Not Even Government Needs Such Media

As a student of world literature, he was an editor in magazine Student. He continued writing in Večernje Novosti (Evening News), where he spent more than three decades. At the beginning of the nineties, he was chief editor of Borba, at the time when the entire opinionated intelligence and opposition wrote for it.

Throughout his five-decade long career as a journalist, he designed and established dailies Blic and Glas javnosti, both achieving high circulation. As chief editor of Novosti, from 2000 to 2013, he brought this newspaper its former glory and circulation. As chief editor, he signed around one billion eight hundred million copies of newspapers! And 8.6 million books. For the past four years, he has been the owner of a reputable publishing house Vukotić media.The Vukotić family is a renowned Montenegrin family whose origin dates back for 600 years.

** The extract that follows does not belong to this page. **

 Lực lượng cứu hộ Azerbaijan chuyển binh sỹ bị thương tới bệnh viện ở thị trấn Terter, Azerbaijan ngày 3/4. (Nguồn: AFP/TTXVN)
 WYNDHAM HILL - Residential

They were warriors, generals, dukes, serdars, skillful politicians, artists, sportsmen etc. Manojlo Manjo Vukotić (1938) is undoubtedly the most famous media arbiter in the former Yugoslavia. More specifically, he is the greatest master in journalism for the highest circulations of dailies. Vukotić was born in Cetinje, as the grandson of colonel Jovan and the son of Vukale, a law graduate and a high functionary in the Zeta Banate who experienced the fate of the most horrific Montenegrin divisions: at the beginning of the Second World War, three brothers joined the Partisans, while the fourth, Manjo’s father, joined the Chetniks. In May 1945, from Zidani Most, Vukale ran to Italy, then to America, where he was buried in the first row in front of the Nova Gračanica Monastery, on the outskirts of Chicago. At the time of the stern communist regime, Manjo was asked to denounce his father, and his mother to denounce her husband, which they never did. Manjo began studying world literature in Belgrade the year Danilo Kiš and Muharem Pervić finished it as the top graduates of the first generation. Throughout his entire studies, he wrote for Student, after which he moved to a city newspaper called Beogradska nedelja, and then to Večernje novosti.

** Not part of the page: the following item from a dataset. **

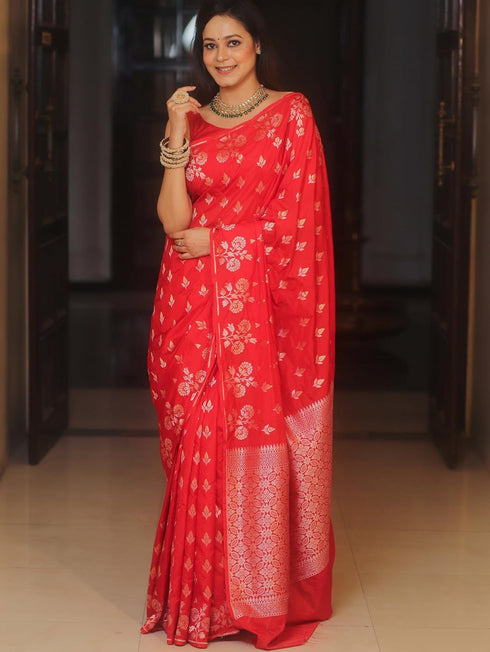 VasthrlayWedding Red Saree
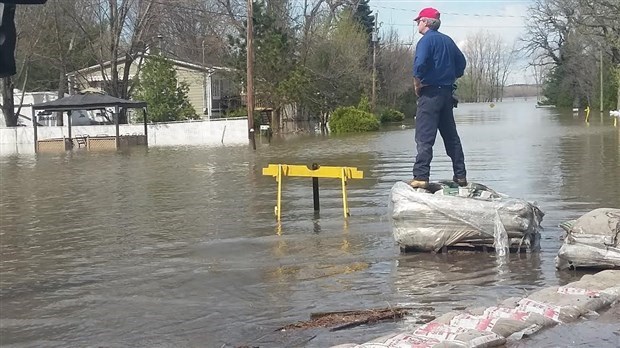Inondations: Distribution de sacs de sable à Laval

“At the time of my arrival to Novosti, in September 1966, Novosti had already had a reputation and high circulation. According to today’s standards, Novosti was somewhat a yellow press paper, a sensationalist newspaper, a tabloid in a mild sense. However, it was a much more serious and responsible editorial concept than any other tabloid today. For example, Novosti had a column that was the forerunner of all modern columns on celebrities – Klub poznatih (eng. Celebrities’ Club) that was published every day. Once, when I was still young and pretentious, I complained at the editorial staff meeting about Lepa Lukić showing up in the column several times the previous week. That is when I learned a lesson I have never forgotten, taught by then chief editor Slobodan Glumac, my idol and my role model in editing: he invited me to his office – he didn’t want to say it in front of everyone – and said: ‘Maybe you don’t like the songs of Lepa Lukić, but she has sold 400,000 records. Someone who sells that many records has to be in the papers all the time. Novosti always has to be anywhere where there are at least a thousand people.’ And that editor of a ‘communist yellow paper’, Slobodan Glumac, translated Nobel Prize winners from the German and French language!”

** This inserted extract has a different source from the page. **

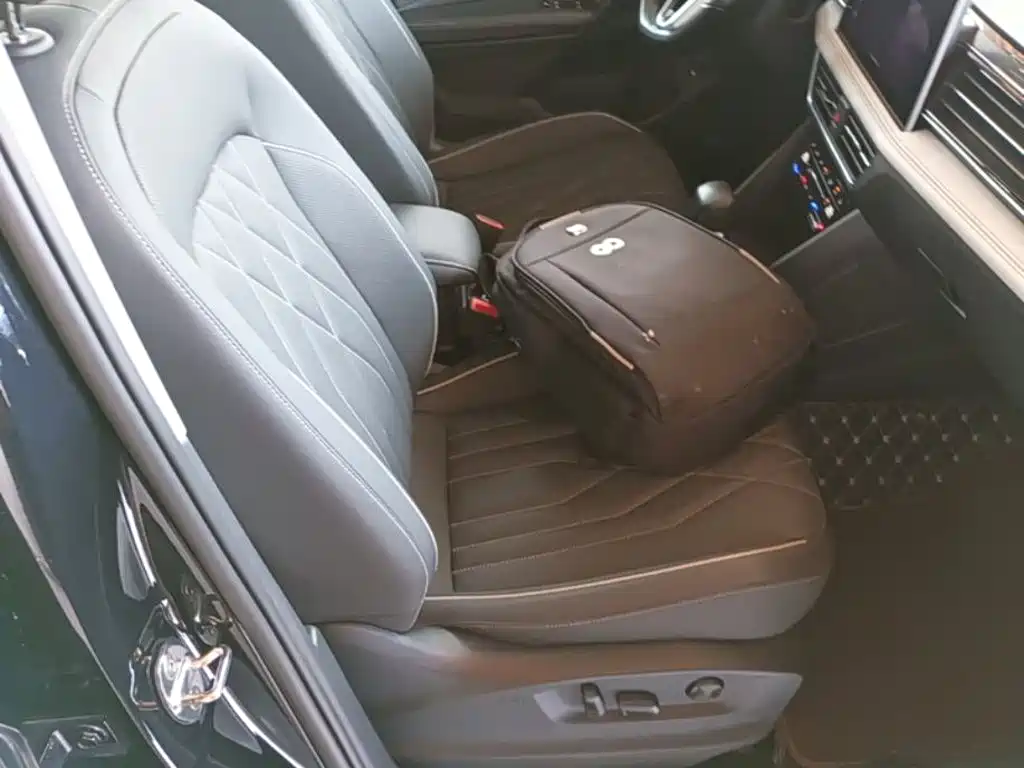 Volkswagen Tiguan L 2022 — фото 25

Hand in hand with Borba’s and Politika’s schools of journalism, Novosti managed with its own profile to develop Novosti’s school of journalism. The most modern one. The most attractive one. Generations of journalists began learning the ropes there the moment they stepped into the editorial office. Everyone began with the Belgrade column. I remember when Dragan Jovanović (a NIN writer and columnist afterwards) came as a graduate of philosophy, I gave him to follow the events in the Savski Venac municipality. Young people learned from this, learned the tricks of the trade, the rules of the profession…This is the difference between today’s journalists and journalists of the time. Despite so many schools and faculties of journalism available nowadays, they enter journalism without knowledge, without general education, without enough wishes and ideas. Cold and flat. It’s important that they have a job. But journalism is not a computer task or a clerk register.”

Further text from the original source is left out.